Wow! that sounds like fun! hope it goes real well! people sure do make the store. There's a yarn store in Portland(NW Wools) that has been there forever, the lady who runs it is so friendly and not snobby at all, you really truly feel the yarn love and she is so encouraging and welcoming to EVERYONE. 

I had high hopes for the one that opened here in my town, it has a great selection of yarn(but kinda pricey), and a real nice store layout, but I just HATE going in there. Usually I just go to look at what they have and what their samples are made from and keep up on the books and mags. I am in the yarn business as I do freelance design work for a few companies and magazines--so anyways I was really excited about there being a yarn store in town to hang out in and get together with other yarnies, ya know?! So I went in, introduced myself, said I was a designer for xxx, got a blank look(uh oh), said I can pull print off your shelves and show you what I do(more blank look), and I offered to do a class or workshop on fit, like how to tweak a pattern so it will fit you better, or how to chose the right size, or how to pick a design that would look good with your figure, or how to design your own sweater and give people one on one help with it all(trying to think of an unusual class topic that not everyone would the background to teach, like I don't want to do the sock knitting classes, there are lots of good teachers already that do that, and people tell me all the time they want to learn more about FIT FIT FIT), more blank look and and "ok, yeah, whatever" like I was a complete delusional crazy person off the street(I dont' smell THAT bad...). Such a downer! Oh well. Best of luck to them I guess. They do have an in-town rep for snobbishness, but get a lot of wine tour and beach thru traffic. 

I. Can't. Stand. Snobby. No hello when you walk in the door, no smiles(unless you walk up to the register with yarn in hand), no banter on what you've been knitting lately.
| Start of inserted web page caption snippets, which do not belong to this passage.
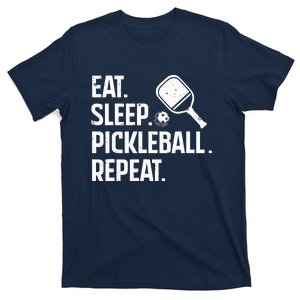 Funny Pickleball Art Pickleball Player Lover T-Shirt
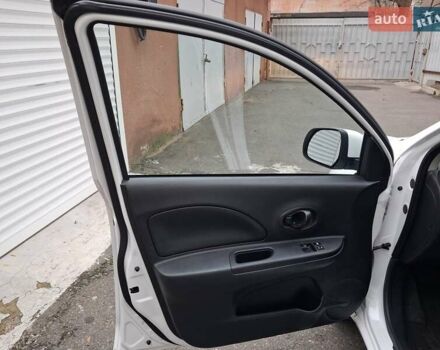 Белый Ниссан Микра, объемом двигателя 1.2 л и пробегом 29 тыс. км за 8999 $, фото 21 на Automoto.ua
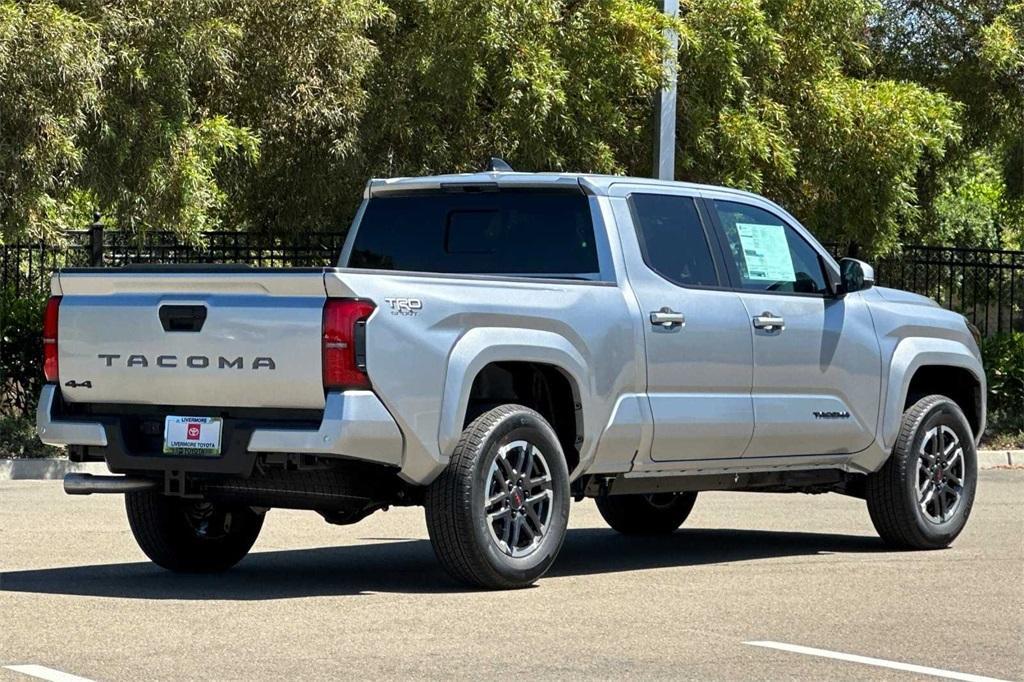 new 2024 Toyota Tacoma car, priced at $49,479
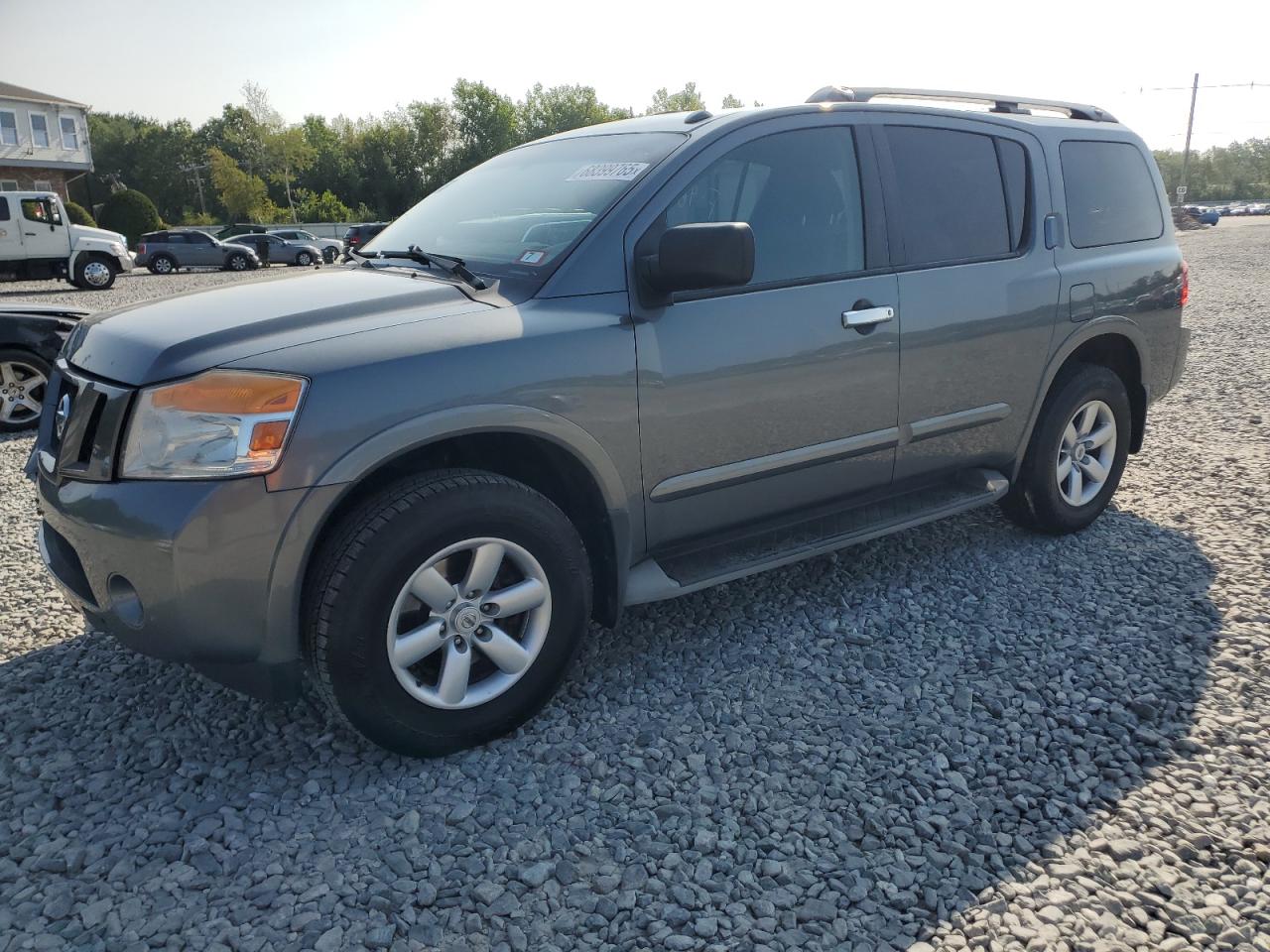 NISSAN ARMADA SV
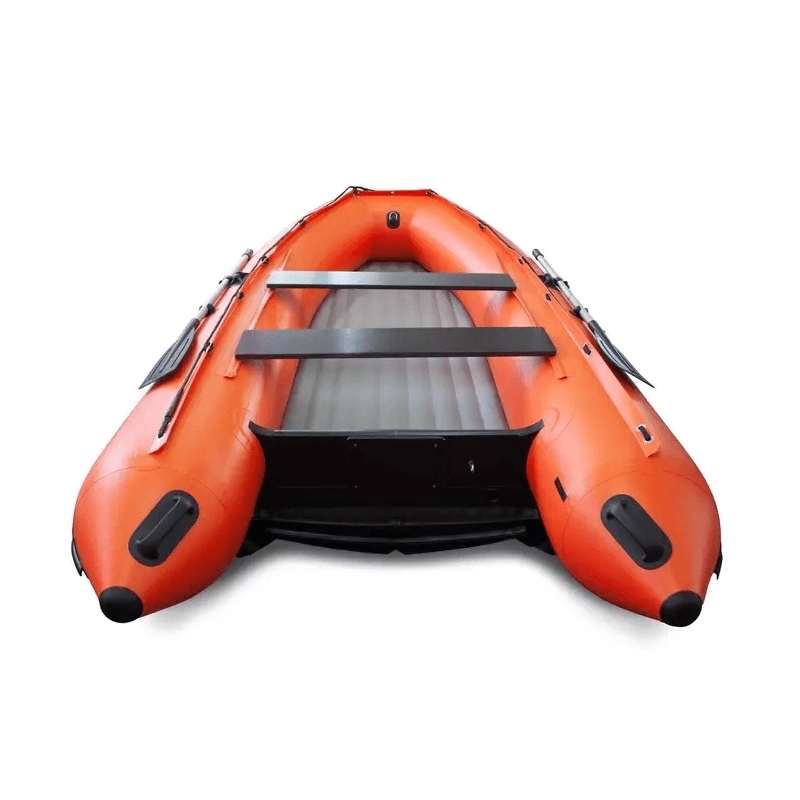 Лодка ПВХ SOLAR-380 К (Максима)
When I'm in there I listen to the sales people talk and interact with customers, just for my own education on what makes a good store, ya know? and I like to know what people are knitting because I do good business when I put out stuff that people want to knit.

Marchwind I know the yarn biz is hard right now, best of luck for the store!!! My ideal place would be like a noisy laughing coffee shop where friends gather. Maybe having nights where a guitar player would come in and play would be fun while people knit. The main street where all the shops are has an open house kind of thing the third Saturday of the month, they all stay open late and have snacks, it's very popular, people come and play music on the street(you know the throw money in the guitar case kind ). You make it a friendly and loving place and people will defend it to the death

DOes your store owner get this trade mag?
Yarn Market News www.yarnmarketnews.com 
it's FREE to shop owners, yarn manufacturers and designers, is FULL of great articles about the yarn biz and trade news. Get signed up for it ASAP!!! 

(sorry I kinda ranted and raved there. I drove through Bemidji once, thought it was just the bees knees! seemed like fun people lived there)


----------



## Marchwind (May 10, 2002)

Thanks Wyld thang! My idea and yours are very similar. Unfortunately it isn't my store and my friend is pretty particular about how she wants things. I really only feel comfortable making suggestions and those only sparingly. But I do hope it becomes a place like what you are describing. I know and despise the snobby store owner. Especially bad are the ones who think they have a corner on the market.


----------